Desde octubre de 2019 -cuando pareció que la institucionalidad sucumbiría a la violenta asonada del octubrismo- el país ha llevado adelante una inédita serie de elecciones populares que, bien podría decirse, no nos han dado respiro. Desde entonces los chilenos hemos elegido a un gobernante -el Presidente Gabriel Boric-, a senadores y diputados, y a gobernadores y alcaldes (dos veces a falta de una), entre otras autoridades. Además, no faltaba más, acudimos en tres oportunidades para pronunciarnos sobre temas constitucionales -en un plebiscito de entrada y dos de salida. Y otras dos para elegir a los integrantes de las convenciones constitucionales que serían las encargadas de escribir los textos que en cada caso fueron plebiscitados.
A punta de contiendas electorales, una tras otra, emitiendo votos como nunca en nuestra historia, hemos ido dejando atrás el animus refundacional y destituyente que se tomó al país hace cinco años. Ha colaborado el voto obligatorio, que volvió a sus fueros en el trascendental plebiscito de 2022, más que duplicando el contingente de electores que ahora acuden a los locales de votación. Una elevada participación del 85%, como la que se verificó el último fin de semana, contradice la noción de una creciente desafección del electorado con la democracia.
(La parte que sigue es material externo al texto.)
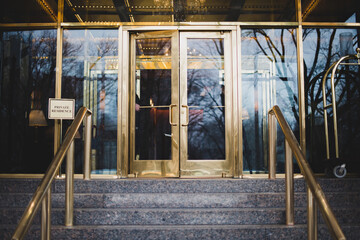 Luxury doorman building in the city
La discreta suma de votos nulos y blancos en la elección de alcaldes -la más simple y cercana al elector de las que estaban en juego- refuerza esta conclusión.
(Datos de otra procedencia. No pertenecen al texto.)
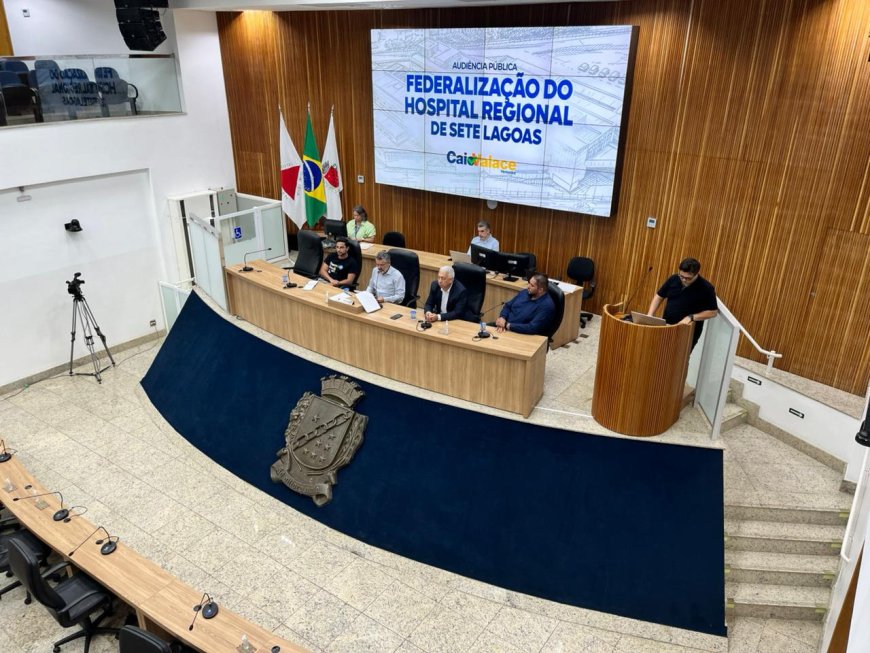 Audiência Pública na Câmara Municipal discutiu alternativas para a gestão do Hospital Regional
De las pocas instituciones en las que confiamos los chilenos -desde hace un tiempo que Bomberos y la Armada llevan la delantera- las elecciones populares, con la compleja y extendida organización que las rodea, donde el Servel sobresale con distinción, están entre las más valiosas de las que funcionan en nuestro territorio nacional, sólo comparable al Banco Central en el ámbito económico.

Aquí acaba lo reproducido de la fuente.